All lines below starting at the one that holds "This is your" and ending at the one that holds "So let's take" should be printed exactly, ends included. Pictures should not be printed, nor anything else.

Collection entries:
┄┄┄┄┄┄┄┄┄┄┄┄┄┄┄┄┄┄┄┄

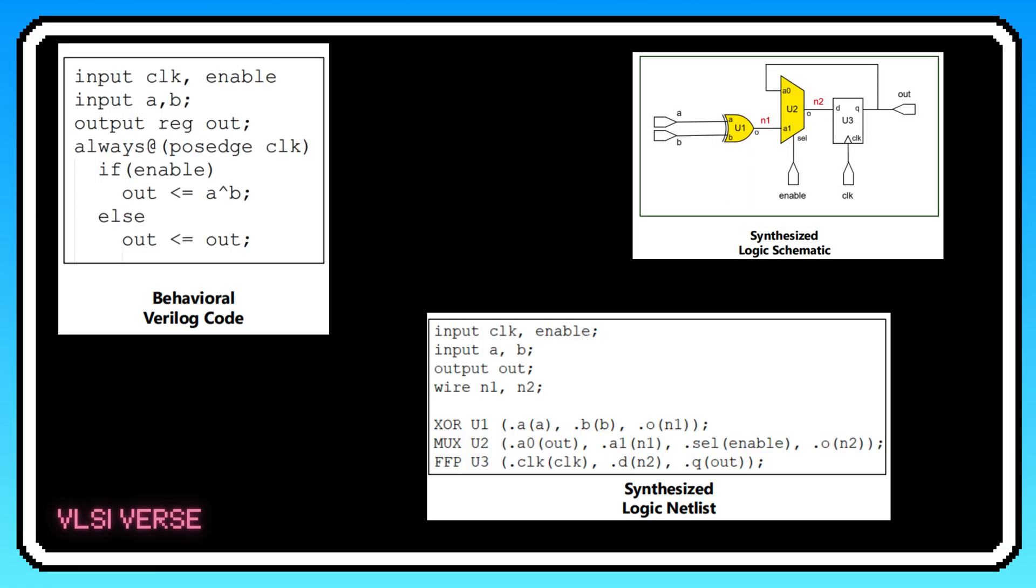Alright, now let's connect the dots between RTL code, the schematic, and the gate-level netlist. Three key pieces of the puzzle in building a chip. Once this RTL code is synthesized, we get something called a schematic. Still at the level of logic gates, ANDs, ORs, and NOTs, but it's visual.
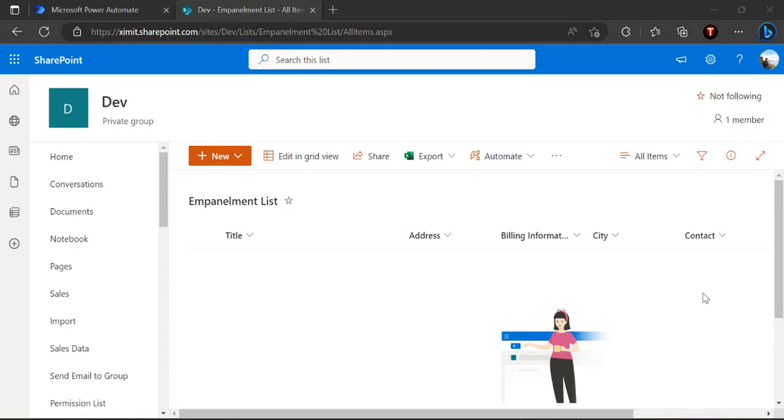Hi everyone, welcome back to the channel. In today's video we are going to see how we can actually tie our Power Automate or a flow with a content type specifically. So there are scenarios where one of the list can contain multiple content types and you wish to create one sort of flow for one type and the other sort of flow for another type.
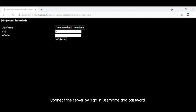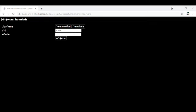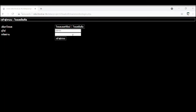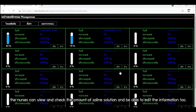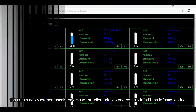Third, connect to the server by entering the username and password to log into the system. The nurse can then use and check the amount of saline solution and edit the information through the interface.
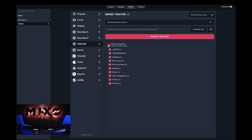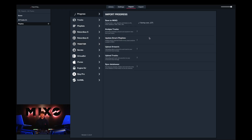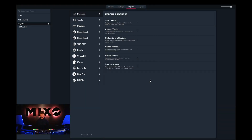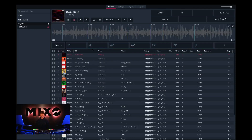Once we've done this we can choose to import our entire collection or select individual playlists we would like to import. From here we can press import Traktor and we'll be taken into the progress view. Upon completion we should receive a pop-up saying all tracks were uploaded and synced. Then from here we can head into our newly uploaded playlist and as you can see the tracks are imported and are ready to use.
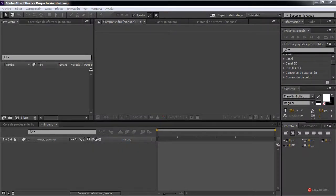Welcome to all of you again. Here we are with another composition exercise. In this case, we are going to try to recreate a liquid appearance using the blur levels effects.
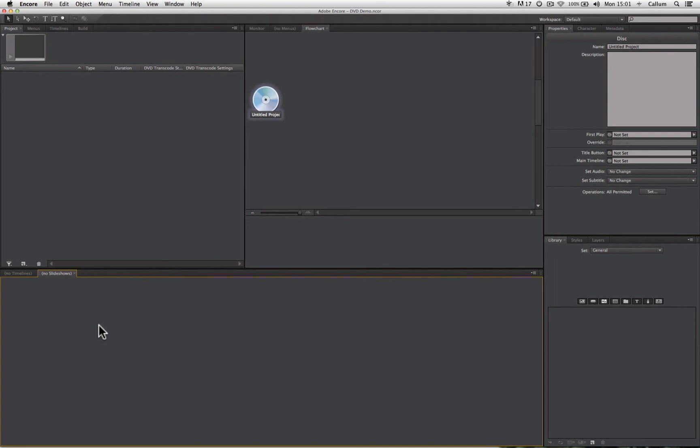Now that we've had a brief introduction to the interface, let's import some assets into our project and start authoring a DVD.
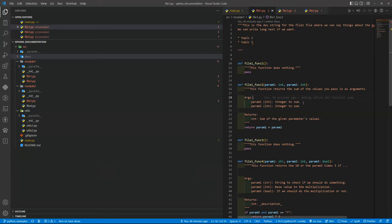Hello and welcome to my channel. Today we are going to learn how to generate your documentation from your doc strings inside your code using Sphinx.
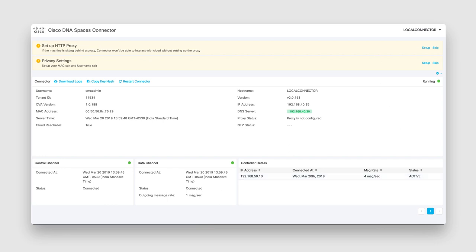Please note that if your virtual machine hosting the Cisco DNA Spaces connector is behind a proxy, you'll also need to configure the HTTP proxy and other privacy settings. Without this proxy configuration, the connector will not be able to communicate with Cisco DNA Spaces Cloud.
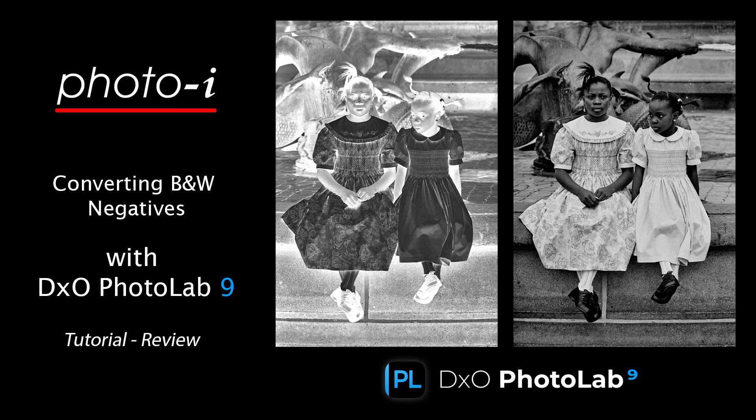In this tutorial I'll be showing you how to convert black and white negatives using the new version of DxO PhotoLab 9.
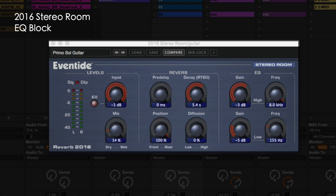The EQ block has four controls that can be used to change the internal frequency characteristics of the reverberator. It's easier to hear the effect of attenuating the high frequencies than the low. The effect may be subtle or dramatic depending on the source material and other reverb settings such as decay, position, or diffusion.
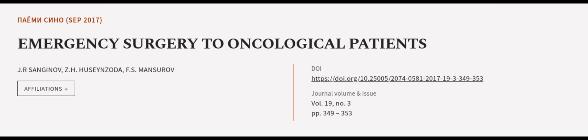This article was authored by J.R. Sanjanov, Z.H. Husin Zoda, and F.S. Mancharov.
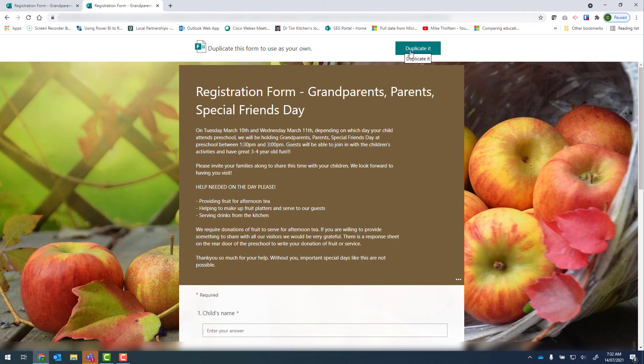It's important to note that the person who copies the form will not be able to see your existing responses.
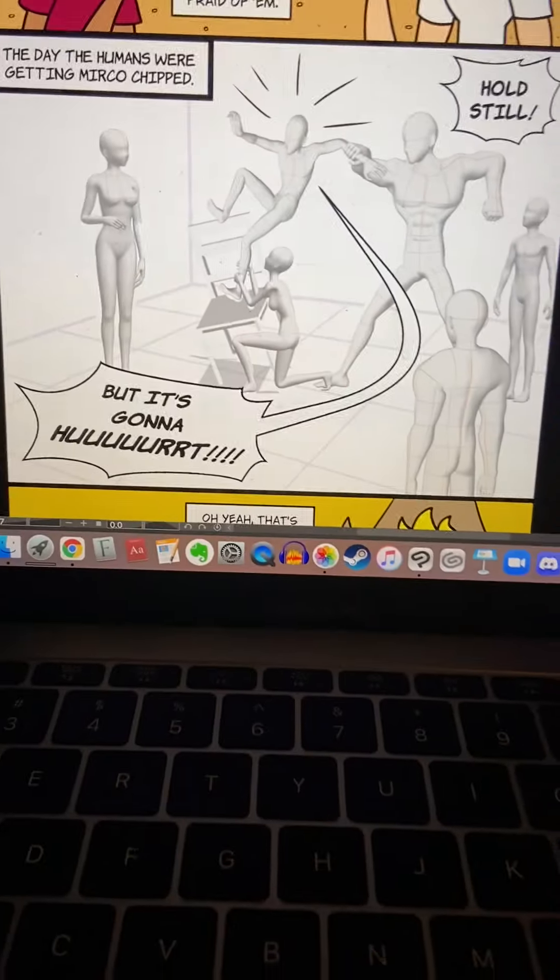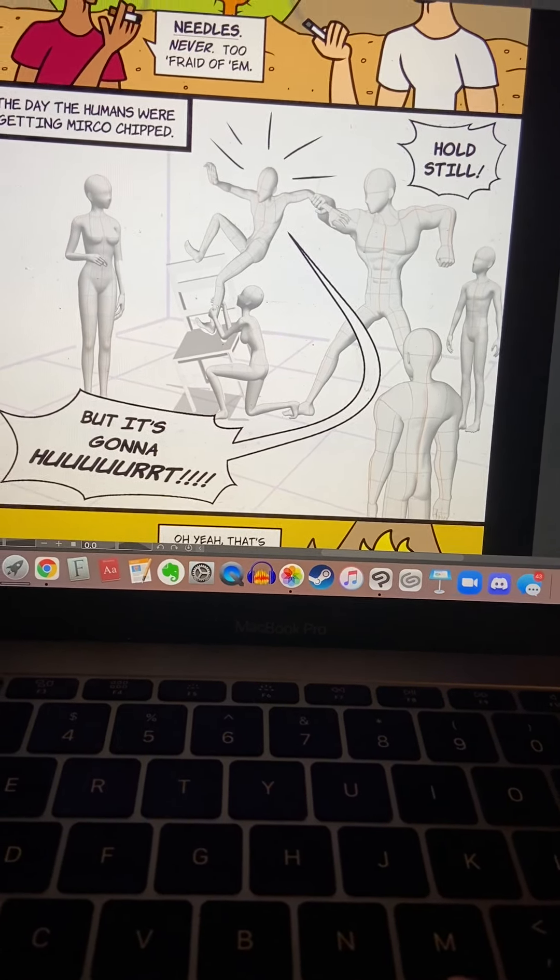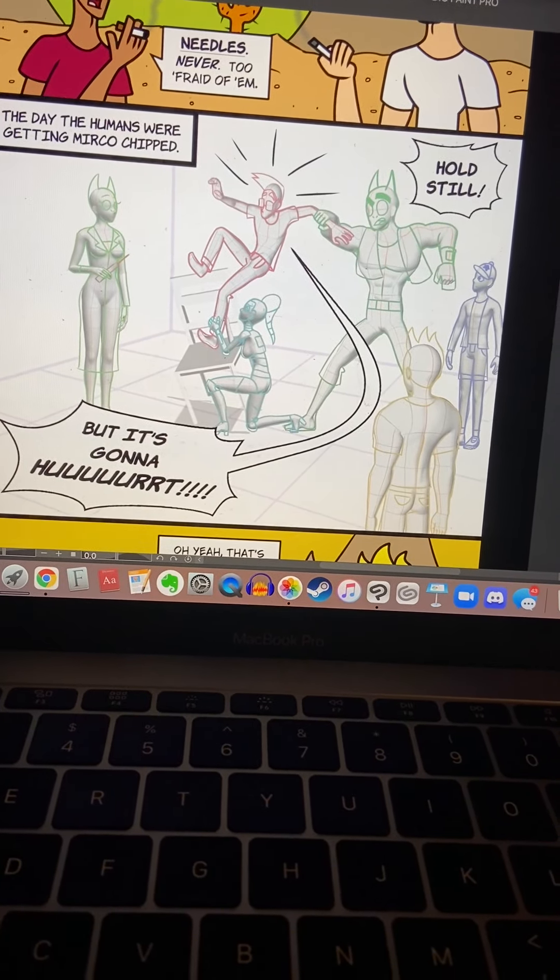One thing I like about my program is that in Clip Studio Paint you can use 3D assets. This is a panel from the last page of my comic — no spoilers — but I used pretty much 3D models for all these poses because it was kind of hard to draw.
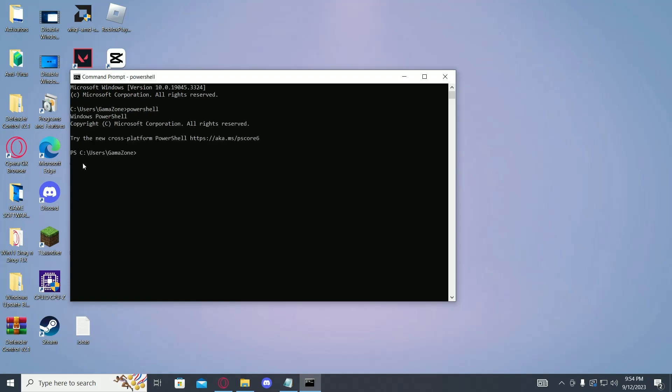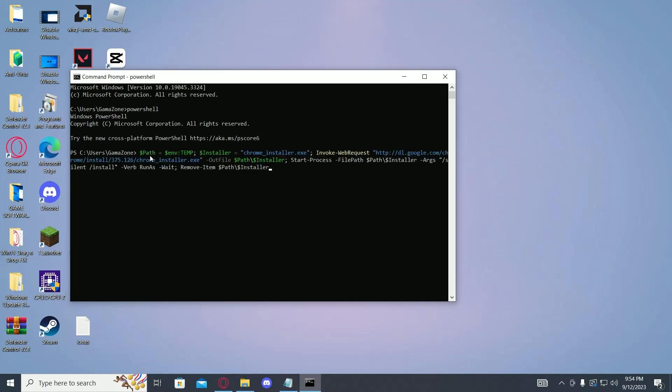You should be able to see this PS written. Now you have to copy and paste the following command which I'll be leaving down in the description or comments, and then just press enter.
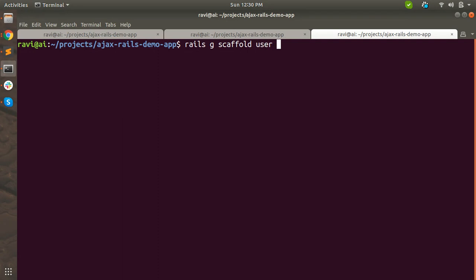This is your resource name - whatever resource name you want to create a scaffold for, you put it here. Remember that this name should be singular; you should not use 'rails g scaffold users', only 'rails g scaffold user'. Then add some attributes like name of string type and email of string type.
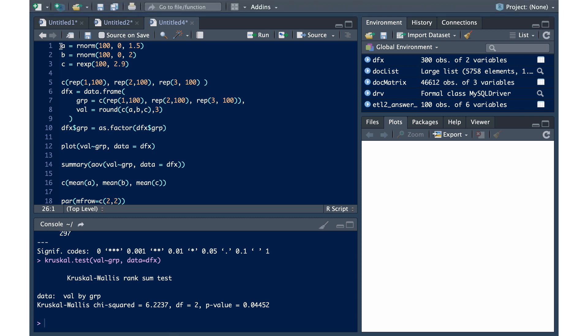So let's take a look at an example here. What we've done in the first three lines here is we've created a data set in which we have three groups, values for A, B, and C, which will be represented by group 1, 2, and 3.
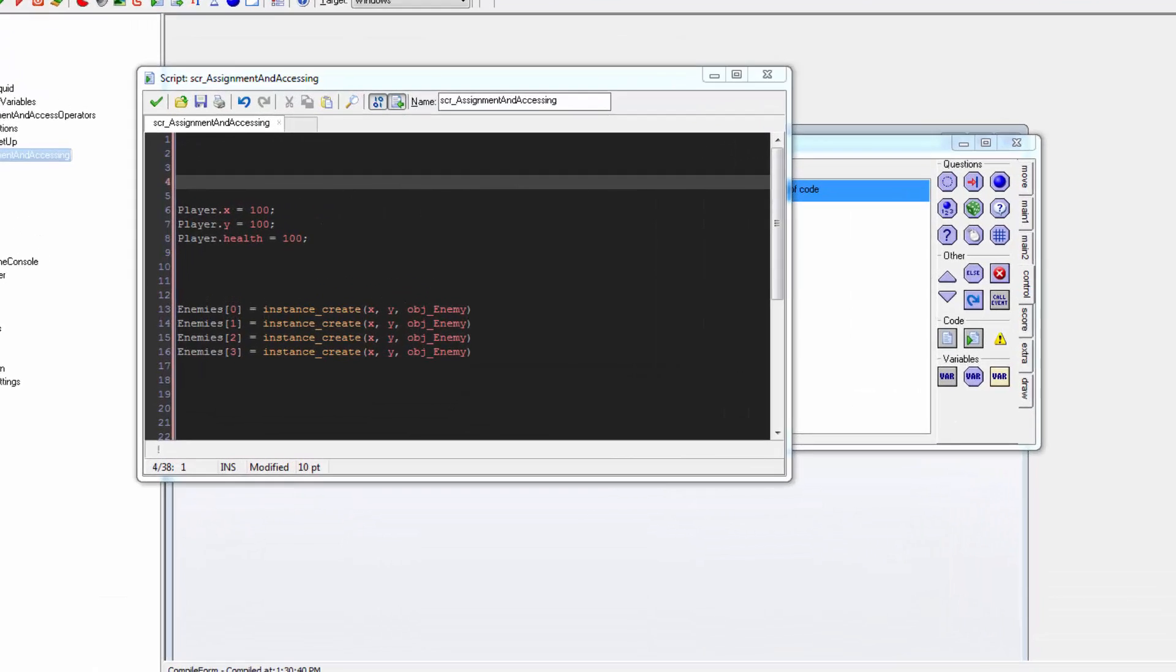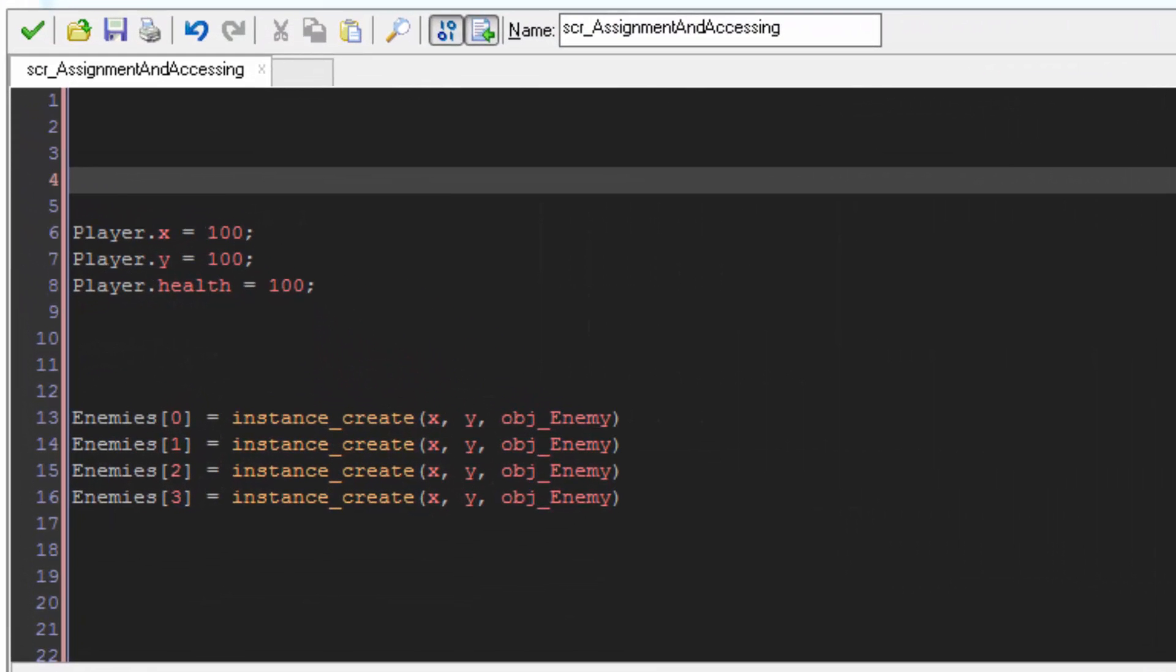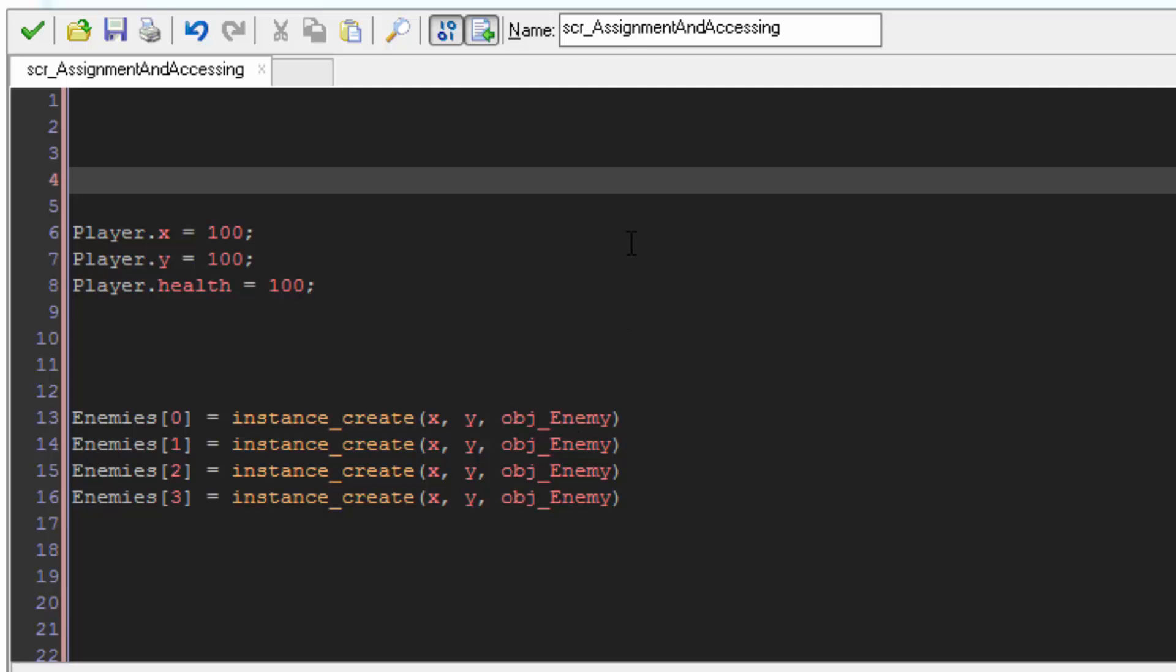Next we're looking at access operators. If you haven't learnt about member variables and arrays then go and check out their programming concept videos at the beginning of this series. To access member variables and elements of arrays, access operators must be used. As the name hints, access operators are used for accessing data. The main access operators are the dot for accessing member variables and the square brackets used for accessing array and list items.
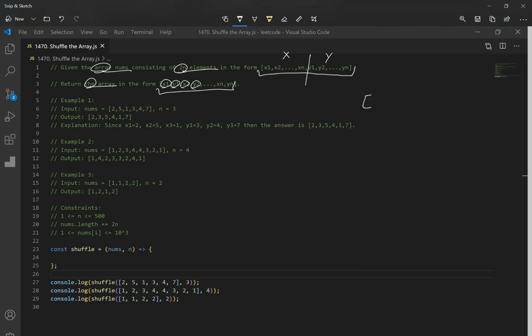Let's look at our first example. The example has a nums array of 2, 5, 1, 3, 4, 7, and n is equal to 3. This problem is actually easier than it looks.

┄┄┄┄┄┄┄┄┄┄┄┄┄┄┄┄┄┄┄┄

▶ [Exercise output]
This is your resource name - whatever resource name you want to create a scaffold for, you put it here. Remember that this name should be singular; you should not use 'rails g scaffold users', only 'rails g scaffold user'. Then add some attributes like name of string type and email of string type.
So let's take a look at an example here. What we've done in the first three lines here is we've created a data set in which we have three groups, values for A, B, and C, which will be represented by group 1, 2, and 3.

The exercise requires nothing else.